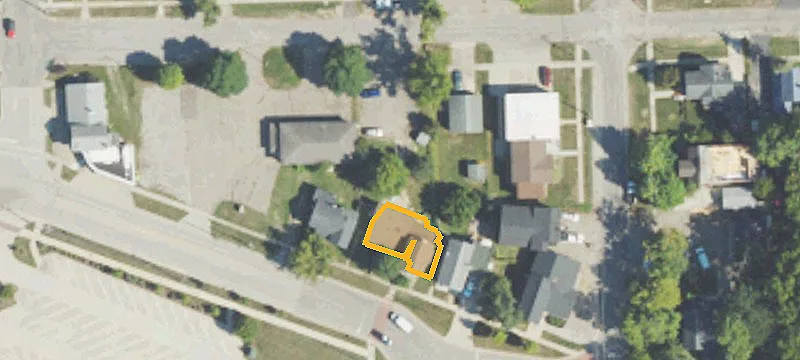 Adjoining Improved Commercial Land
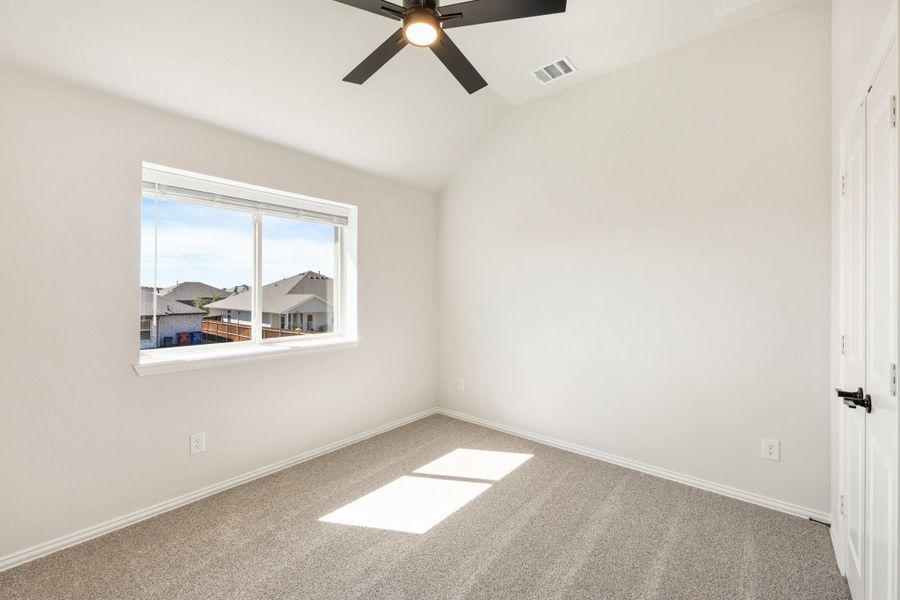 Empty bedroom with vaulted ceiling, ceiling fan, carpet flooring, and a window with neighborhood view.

※ ※ ※

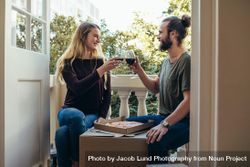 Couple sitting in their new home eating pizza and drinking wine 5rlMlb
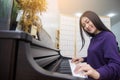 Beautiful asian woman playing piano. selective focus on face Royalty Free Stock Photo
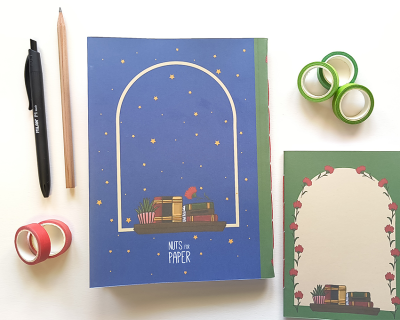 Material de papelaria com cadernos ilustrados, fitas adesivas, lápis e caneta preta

※ ※ ※

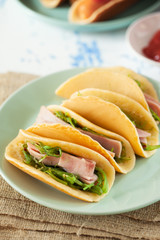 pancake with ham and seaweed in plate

※ ※ ※

Leaving out each picture, repeat exactly the lines above from the one that contains "Adjoining Improved Commercial Land" through the one that contains "Empty bedroom with".

 Adjoining Improved Commercial Land
 Empty bedroom with vaulted ceiling, ceiling fan, carpet flooring, and a window with neighborhood view.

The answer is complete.